令和5年3月4日(日)朝、佐井村にある民宿の一室で、澤谷幸子(さわや・さちこ)さんと浜田範子(はまだ・のりこ)さんに、花田さんとの思い出、当時の下北エリアでの保健師活動についてお話を伺った。
青森県の保健師花田ミキさんから受け継いだもの ―退職保健師の話から
澤谷幸子さん(写真左) 浜田範子さん(写真右)
映画『じょっぱり-看護の人花田ミキ』映画製作スタッフが宿泊中の民宿で。窓の向こうには海が見えた
浜田さん
「私が入った頃は川内町でしたが、平成17年3月の市町村合併でむつ市川内町となりました。振り返ると、自分が生まれたところよりも長く下北で保健師活動をしてきたことになります。むつ市を退職してからは活動を川内と脇野沢という地域に限定し、健診や健康教室などのお手伝いをしてきました。私は人とお話するのが根っから好きなので、いまは若い人や地域の人たちと顔を合わせて交流するのを楽しんでいます。いろいろと活動してきましたが、自分が後期高齢者になり、いまは主人と二人で軽い農作業をするなど、少し静かな生活を送っているところです」
澤谷さんは六ケ所村読書愛好会副代表の名刺を出しながら話してくれた。
澤谷さん
「私は、読書愛好会のある六ケ所村に深いご縁があるんです。現役時代、六ケ所村には2回派遣保健婦としてお世話になりました。花田先生が昭和40年度から始めた派遣保健婦制度によるもので、新卒採用の保健婦が3年ずつ派遣されていました。当時はへき地に行く人が誰もいない中、私は1回目の六ケ所村勤務は昭和46年4月から3年間、その後脇野沢に異動し、その後2回目の六ケ所村に3年行きました。読書愛好会には、初代会長さんが亡くなったときお通夜に行ったのがきっかけで誘われて入り、いまは原発・エネルギーのことを学ぼうという活動を読書会で行っています。」
澤谷さんの名刺の裏には青森県在宅保健師の会のほか、県の難病患者等訪問相談員や事業所の健康管理、小学校の地域コーディネーター、教育委員会の読み聞かせグループなどボランティア活動がずらりと並んでいた。

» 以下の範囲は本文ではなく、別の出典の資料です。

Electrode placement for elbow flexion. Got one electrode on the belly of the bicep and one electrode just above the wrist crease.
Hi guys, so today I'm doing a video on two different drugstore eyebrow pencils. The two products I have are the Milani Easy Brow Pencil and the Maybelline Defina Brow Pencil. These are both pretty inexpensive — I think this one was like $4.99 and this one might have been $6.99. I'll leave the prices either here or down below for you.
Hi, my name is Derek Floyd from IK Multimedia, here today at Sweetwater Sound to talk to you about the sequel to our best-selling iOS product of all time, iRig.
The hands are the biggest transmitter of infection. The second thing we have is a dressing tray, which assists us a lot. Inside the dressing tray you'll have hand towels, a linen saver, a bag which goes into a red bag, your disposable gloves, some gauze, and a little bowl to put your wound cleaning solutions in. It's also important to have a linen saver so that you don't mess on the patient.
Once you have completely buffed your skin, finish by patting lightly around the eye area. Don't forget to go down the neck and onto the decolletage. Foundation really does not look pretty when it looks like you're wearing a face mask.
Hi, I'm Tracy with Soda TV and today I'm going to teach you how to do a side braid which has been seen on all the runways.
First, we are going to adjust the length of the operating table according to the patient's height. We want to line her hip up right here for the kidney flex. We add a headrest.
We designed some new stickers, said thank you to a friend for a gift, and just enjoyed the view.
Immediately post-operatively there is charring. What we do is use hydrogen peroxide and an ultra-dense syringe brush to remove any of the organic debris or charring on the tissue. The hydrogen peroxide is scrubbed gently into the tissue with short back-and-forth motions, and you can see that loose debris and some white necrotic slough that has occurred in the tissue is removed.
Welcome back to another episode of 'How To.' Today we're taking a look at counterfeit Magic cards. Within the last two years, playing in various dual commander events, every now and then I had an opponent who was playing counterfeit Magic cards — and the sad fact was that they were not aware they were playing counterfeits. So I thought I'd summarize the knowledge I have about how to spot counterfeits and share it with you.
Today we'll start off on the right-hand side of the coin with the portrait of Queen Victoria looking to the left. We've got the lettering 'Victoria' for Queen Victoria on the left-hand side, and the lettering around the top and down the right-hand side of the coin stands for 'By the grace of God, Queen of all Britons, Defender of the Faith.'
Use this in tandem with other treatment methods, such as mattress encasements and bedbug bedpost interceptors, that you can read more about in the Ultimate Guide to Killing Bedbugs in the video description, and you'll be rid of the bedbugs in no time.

「皆さん、介護だ、孫の世話だと何かと忙しいようです。人口が少ない町でなり手がいなくて困っていることがあるなら、と頼まれたものを次々に引き受けているうちにこうなりました。そろそろやめたいと思うのですがなかなか」と澤谷さんは笑う。退職してからの方がむしろ忙しいそうだ。
花田ミキさんとの思い出から
お二人は青森県立青森高等看護学院(現:青森県立保健大学)で花田さんの講義を受けた生徒で、保健師として働くようになってからは、県の管理職としての花田ミキさんに関わってきたという。印象に残っているエピソードについて教えてもらった。
澤谷さん
「私が脇野沢で働いていて、人手が足りなくて困っていたとき、昭和48年だったので花田先生が退職されるタイミングでとても忙しい時期だったはずですが、花田先生がたった一人でお付きの人もなく来てくれたことがありました。花田先生という人は、とにかくなんでもすぐに実行する人でしたよ。いかに女性が生活しやすく、どういう制度が必要か、どんなことを企画しないといけないかを常に考えていたと思います。下北と言えば漁港が点在する地域で漁師が多い地域です。妊娠は病気ではないからと、産後すぐに働き手として家事と育児と仕事に復帰させたりなど、妊産婦はかなり過酷な状況に置かれていましたが、花田先生が立ち上げた派遣保健婦制度もそういう女性たちの状況に応じて必要な支援の仕組みを考えるところから始まっていて、情の厚い方だったとつくづく思います」
浜田さん
「私にとって花田先生とは、下北に来るきっかけをつくってくれた方です。私は看護師に憧れて看護学校に入ったのですが、病院実習でいろいろな患者さんと接するうちに、こんなに病状が重くなる前に何とかできなかったかと考えるようになりました。その頃、大病院にかかる時点ですでに治療の施しようがないという人も多かったのです。そこで私は公衆衛生を学び保健婦になろうと方針転換したのですが、ちょうど十勝沖地震があった後で、新卒採用の予算が災害対応のために削られる市町村が多く、就職がなかなか決まらず悩んでいました。そんなとき花田先生から県庁に呼ばれ、私の実家近くの新郷村で、保健師の採用の話があるがどうかと声を掛けられたのです。花田先生は私の出身がどこで、そこから新郷村への交通はバスで行けるとか、もう全て把握されていました。話を聞いてみると、新郷村の村長は自分の村には3つの1番があると言っていて、出稼ぎ、乳児死亡率、自殺率でした。小さい村ですでに自分の母親程の年齢のベテラン保健婦が2人いるが、その課題を何とかしようと3人目の保健師を採用したいのだと分かり、新郷村で働くことになりました。最初の家庭訪問は徒歩かバスでしたが、村で自動車運転免許を取らせてくれたり、活動用に車を買ってくれたりする熱意のある上司に恵まれ5年程そこでお世話になりました。その後は川内にいるいまの夫とお見合いの話があり、川内町の国保保健婦として働くことになり、ずっと下北にいることになりました」
青森高等看護学院に授業に来る花田ミキさんは、教材を風呂敷に包み、忙しい中バタバタをやってきて、講義で熱弁する。こう聞くと力強く、固い表情の女性をイメージしてしまうが、実際の花田さんには華やか、おしゃれという印象で、花田さんが好きだったという紫色のスーツを着て、襟元にはネックレス、青森県庁では女性管理職の第一号として男性社会では、かなり目立った存在だっただろう。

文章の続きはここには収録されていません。